# I fucking hate women...



## Typo (Apr 1, 2011)

So I was with this girl for over a year and she was my first girlfriend, my first everything (Kiss, Virginity, etc). I loved her with all my heart I tried to be the best fucking boyfriend I could. I spent god knows how much on her in forms of jewelery and shit for no reason and as a non-working student money is tough. She wasn't like one of the girls who demands everything, no she hated me buying her stuff but that's not the point. We were planning to go to Florida the beginning of March and she wasn't paying a dime, one day... ONE DAY before we were leaving I get a call from her saying she doesn't think she loves me anymore, I was fucking heartbroken I just couldn't handle life anymore, (I ended up taking a friend with me instead to Florida) but the entire trip I was a mess I was literally a dead-man walking. When I got back I did absolutely nothing just sat there in my room for hours after school... I was honestly on the verge of killing myself because I just couldn't take it.

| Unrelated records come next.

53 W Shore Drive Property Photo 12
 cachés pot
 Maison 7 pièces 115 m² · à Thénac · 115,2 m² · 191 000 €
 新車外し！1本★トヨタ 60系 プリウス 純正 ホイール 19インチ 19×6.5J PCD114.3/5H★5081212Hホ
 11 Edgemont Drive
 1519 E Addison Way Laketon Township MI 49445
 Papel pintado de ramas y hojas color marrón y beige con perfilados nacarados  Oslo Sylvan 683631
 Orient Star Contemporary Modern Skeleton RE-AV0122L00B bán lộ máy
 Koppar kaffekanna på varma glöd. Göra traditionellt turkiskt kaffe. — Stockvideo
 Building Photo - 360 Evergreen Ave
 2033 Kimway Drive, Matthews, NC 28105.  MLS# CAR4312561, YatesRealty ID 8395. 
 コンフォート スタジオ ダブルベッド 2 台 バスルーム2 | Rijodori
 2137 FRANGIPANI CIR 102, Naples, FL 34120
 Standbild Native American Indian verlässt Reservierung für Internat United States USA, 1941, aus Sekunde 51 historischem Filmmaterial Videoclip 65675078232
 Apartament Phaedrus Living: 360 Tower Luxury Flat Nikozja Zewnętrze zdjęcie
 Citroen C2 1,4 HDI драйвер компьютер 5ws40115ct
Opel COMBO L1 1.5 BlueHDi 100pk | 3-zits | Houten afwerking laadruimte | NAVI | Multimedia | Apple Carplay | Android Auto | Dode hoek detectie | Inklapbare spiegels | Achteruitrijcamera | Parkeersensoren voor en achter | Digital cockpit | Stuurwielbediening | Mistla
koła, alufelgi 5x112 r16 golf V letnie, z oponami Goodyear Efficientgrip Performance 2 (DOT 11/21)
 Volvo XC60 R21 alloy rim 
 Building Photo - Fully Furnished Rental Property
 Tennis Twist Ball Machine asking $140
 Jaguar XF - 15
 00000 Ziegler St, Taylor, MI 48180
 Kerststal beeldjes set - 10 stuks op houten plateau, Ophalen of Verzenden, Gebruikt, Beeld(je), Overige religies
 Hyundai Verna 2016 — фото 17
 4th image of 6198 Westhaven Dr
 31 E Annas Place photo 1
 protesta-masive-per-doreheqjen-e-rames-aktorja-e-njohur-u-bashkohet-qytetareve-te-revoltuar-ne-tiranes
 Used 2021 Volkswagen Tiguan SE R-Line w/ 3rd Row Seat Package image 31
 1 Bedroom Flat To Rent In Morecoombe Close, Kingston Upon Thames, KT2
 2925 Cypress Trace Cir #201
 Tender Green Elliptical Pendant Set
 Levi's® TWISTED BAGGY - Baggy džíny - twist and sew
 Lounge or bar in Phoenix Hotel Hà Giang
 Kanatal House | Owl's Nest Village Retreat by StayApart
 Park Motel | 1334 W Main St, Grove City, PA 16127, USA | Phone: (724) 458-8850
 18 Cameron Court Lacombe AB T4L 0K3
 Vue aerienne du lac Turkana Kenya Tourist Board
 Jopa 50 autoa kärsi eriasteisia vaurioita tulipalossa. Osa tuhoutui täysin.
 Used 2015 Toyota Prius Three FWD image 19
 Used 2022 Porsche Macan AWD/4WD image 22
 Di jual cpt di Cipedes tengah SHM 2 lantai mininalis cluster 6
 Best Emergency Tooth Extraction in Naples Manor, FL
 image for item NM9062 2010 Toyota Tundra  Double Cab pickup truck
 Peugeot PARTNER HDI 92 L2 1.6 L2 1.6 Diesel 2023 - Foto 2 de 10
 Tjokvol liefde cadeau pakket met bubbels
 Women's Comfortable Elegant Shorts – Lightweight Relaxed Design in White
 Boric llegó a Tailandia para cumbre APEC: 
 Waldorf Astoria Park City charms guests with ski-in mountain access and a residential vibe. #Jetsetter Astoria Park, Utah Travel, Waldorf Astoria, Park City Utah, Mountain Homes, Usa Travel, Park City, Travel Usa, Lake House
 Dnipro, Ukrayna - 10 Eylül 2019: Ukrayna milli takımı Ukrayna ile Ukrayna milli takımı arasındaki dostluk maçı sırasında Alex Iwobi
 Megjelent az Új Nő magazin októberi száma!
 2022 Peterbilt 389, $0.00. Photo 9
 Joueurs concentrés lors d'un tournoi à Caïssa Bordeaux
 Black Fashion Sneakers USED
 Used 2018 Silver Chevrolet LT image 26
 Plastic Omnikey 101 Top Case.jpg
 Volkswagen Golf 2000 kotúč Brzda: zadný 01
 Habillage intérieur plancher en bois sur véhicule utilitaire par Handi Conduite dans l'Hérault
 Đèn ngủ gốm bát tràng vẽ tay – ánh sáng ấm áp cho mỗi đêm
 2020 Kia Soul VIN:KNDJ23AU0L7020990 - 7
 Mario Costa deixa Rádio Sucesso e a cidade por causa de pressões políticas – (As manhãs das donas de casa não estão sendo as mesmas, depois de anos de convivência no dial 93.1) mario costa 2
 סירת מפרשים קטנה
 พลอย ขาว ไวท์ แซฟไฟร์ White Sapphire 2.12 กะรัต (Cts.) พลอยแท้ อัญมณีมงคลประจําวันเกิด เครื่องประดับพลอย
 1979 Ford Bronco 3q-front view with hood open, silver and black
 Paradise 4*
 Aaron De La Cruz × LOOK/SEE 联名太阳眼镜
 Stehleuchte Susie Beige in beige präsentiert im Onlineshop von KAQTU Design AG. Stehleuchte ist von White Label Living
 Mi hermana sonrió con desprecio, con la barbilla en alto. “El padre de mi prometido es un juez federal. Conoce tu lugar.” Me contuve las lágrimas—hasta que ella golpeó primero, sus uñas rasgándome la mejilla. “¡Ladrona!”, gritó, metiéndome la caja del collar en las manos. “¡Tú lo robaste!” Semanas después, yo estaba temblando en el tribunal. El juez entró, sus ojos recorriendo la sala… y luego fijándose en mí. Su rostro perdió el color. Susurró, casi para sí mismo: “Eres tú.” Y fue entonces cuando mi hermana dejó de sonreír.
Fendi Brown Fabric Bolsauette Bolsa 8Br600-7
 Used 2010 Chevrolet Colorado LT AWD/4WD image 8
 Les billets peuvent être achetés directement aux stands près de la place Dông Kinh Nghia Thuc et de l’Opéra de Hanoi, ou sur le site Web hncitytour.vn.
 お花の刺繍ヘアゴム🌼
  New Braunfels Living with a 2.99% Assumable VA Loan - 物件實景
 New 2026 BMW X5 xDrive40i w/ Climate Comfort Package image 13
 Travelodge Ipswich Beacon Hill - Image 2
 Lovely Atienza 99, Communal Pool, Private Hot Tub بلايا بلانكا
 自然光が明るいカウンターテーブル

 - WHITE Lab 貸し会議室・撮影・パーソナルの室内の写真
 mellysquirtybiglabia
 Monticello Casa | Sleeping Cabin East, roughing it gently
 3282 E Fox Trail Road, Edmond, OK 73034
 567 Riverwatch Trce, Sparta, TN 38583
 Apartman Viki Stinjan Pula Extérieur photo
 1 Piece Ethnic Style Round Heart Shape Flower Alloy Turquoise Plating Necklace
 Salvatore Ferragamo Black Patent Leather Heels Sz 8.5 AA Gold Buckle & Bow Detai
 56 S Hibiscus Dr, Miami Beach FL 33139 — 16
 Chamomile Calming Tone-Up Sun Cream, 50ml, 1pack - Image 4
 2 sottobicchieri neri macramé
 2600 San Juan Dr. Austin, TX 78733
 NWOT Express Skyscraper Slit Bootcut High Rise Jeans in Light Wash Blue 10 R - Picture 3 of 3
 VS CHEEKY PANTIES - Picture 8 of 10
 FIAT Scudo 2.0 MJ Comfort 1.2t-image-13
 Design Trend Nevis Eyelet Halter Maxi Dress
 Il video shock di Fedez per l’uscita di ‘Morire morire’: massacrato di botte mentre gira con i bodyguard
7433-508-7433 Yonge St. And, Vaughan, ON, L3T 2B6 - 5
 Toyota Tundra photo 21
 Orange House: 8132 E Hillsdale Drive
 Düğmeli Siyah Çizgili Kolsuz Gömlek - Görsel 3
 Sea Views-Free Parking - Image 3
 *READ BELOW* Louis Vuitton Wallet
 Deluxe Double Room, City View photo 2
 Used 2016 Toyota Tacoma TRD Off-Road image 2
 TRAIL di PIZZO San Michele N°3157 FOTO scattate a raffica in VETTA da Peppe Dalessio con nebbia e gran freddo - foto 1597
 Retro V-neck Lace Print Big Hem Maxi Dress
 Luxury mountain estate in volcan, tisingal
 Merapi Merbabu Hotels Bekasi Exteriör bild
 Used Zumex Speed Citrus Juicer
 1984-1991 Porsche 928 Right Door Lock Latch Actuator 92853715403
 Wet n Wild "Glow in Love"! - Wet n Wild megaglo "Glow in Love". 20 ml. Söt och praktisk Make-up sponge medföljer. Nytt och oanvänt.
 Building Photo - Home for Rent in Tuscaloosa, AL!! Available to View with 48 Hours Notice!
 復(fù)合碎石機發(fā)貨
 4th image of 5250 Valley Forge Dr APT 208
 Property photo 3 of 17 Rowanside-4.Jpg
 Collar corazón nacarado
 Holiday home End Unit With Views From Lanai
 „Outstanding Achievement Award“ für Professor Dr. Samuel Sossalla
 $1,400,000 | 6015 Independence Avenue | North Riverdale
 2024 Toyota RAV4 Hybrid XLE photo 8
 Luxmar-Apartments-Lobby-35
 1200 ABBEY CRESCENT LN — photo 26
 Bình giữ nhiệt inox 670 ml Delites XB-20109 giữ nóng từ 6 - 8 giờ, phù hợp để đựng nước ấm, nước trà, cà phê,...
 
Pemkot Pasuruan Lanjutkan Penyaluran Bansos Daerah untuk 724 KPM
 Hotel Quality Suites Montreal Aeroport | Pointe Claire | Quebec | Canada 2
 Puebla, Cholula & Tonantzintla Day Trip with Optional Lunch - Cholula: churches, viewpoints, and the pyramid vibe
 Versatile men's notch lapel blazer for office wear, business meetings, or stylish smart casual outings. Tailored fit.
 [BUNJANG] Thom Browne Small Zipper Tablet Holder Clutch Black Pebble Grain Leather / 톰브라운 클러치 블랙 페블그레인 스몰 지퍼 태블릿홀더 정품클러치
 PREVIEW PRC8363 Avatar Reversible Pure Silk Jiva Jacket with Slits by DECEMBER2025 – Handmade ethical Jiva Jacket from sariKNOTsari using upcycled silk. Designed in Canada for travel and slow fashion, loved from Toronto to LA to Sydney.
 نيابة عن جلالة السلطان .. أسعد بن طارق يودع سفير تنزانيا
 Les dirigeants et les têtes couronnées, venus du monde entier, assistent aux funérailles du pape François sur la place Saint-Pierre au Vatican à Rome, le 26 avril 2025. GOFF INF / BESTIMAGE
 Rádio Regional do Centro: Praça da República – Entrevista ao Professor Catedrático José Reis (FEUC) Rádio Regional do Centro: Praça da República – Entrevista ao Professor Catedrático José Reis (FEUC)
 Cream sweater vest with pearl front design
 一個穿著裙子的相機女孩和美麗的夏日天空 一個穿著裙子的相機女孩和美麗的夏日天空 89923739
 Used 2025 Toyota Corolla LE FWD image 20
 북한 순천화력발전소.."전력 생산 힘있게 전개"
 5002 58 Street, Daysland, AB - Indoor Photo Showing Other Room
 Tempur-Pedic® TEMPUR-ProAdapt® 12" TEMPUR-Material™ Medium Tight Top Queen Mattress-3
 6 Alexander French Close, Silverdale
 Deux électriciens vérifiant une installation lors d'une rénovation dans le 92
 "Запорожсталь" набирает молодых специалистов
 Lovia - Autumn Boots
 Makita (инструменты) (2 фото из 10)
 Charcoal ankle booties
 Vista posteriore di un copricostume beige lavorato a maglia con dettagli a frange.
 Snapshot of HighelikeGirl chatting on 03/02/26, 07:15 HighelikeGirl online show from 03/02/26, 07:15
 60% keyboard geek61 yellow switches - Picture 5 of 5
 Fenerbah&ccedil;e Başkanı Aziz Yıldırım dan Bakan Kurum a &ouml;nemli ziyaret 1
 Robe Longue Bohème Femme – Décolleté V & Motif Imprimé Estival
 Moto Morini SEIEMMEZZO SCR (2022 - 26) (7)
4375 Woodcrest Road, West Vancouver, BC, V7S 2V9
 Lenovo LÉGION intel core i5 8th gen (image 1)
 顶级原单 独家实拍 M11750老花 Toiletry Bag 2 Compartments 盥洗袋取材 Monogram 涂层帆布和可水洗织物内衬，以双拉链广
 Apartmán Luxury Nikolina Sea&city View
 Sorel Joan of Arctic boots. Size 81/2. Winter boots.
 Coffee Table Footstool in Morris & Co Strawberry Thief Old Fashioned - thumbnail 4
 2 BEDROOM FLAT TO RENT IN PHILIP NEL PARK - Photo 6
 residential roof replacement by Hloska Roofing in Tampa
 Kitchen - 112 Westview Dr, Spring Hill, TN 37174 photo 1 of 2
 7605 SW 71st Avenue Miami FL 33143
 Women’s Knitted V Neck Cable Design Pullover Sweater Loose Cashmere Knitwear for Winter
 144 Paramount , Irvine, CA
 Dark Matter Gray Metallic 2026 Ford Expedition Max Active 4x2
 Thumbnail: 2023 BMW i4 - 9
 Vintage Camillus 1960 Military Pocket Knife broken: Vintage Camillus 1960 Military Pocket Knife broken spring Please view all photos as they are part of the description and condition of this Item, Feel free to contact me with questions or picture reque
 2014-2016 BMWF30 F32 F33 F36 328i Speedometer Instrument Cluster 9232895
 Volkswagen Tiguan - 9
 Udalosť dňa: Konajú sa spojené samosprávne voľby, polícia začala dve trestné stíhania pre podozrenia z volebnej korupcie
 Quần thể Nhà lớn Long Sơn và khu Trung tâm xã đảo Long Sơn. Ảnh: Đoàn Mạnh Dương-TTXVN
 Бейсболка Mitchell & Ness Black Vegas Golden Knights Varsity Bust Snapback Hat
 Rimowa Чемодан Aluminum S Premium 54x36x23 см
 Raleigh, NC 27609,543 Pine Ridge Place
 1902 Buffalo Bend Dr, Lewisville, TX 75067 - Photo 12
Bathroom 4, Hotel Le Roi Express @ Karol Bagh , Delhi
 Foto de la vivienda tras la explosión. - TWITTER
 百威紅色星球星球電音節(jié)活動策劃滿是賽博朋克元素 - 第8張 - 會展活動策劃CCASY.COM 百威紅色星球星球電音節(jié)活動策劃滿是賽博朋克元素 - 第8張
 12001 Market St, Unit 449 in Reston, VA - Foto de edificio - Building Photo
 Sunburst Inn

Then a friend got me into weight lifting and I started working out which I believe actually saved my life because if I didn't start spending my time researching training and everything else then I doubt I would still be here... So 2 weeks or so pass and she wants to see me... Me still being in love with her I am absolutely ecstatic, we hang out see a movie and it was like it always was, it was the best time of my life and we start talking again and its great. I didn't actually see her for another week and we spent hours cuddling and just acting like it's always been... 

Today I was supposed to hang out with her before she leaves for spring break (Which I originally was planing to go with her when we were together) we were going to see a movie and go to her house afterwards but then she decides to see her Dad instead (Which I do understand she wants to see him before she leaves) but once fucking again I don't find out until 5minutes before I'm going to leave...

I eat lunch with her and see her several times on campus during the day still and shes always flirty and everything with me, we hang out and it always turns into some hot and heavy session but she is constantly leading me on it's ridiculous...

I am so tired of being treated this way...

Well I was venting... Reply if you wish


----------



## Chill (Apr 1, 2011)

Typo said:


> Well I was venting... Reply if you wish


 

You got played like the fool you are, and now she's better off.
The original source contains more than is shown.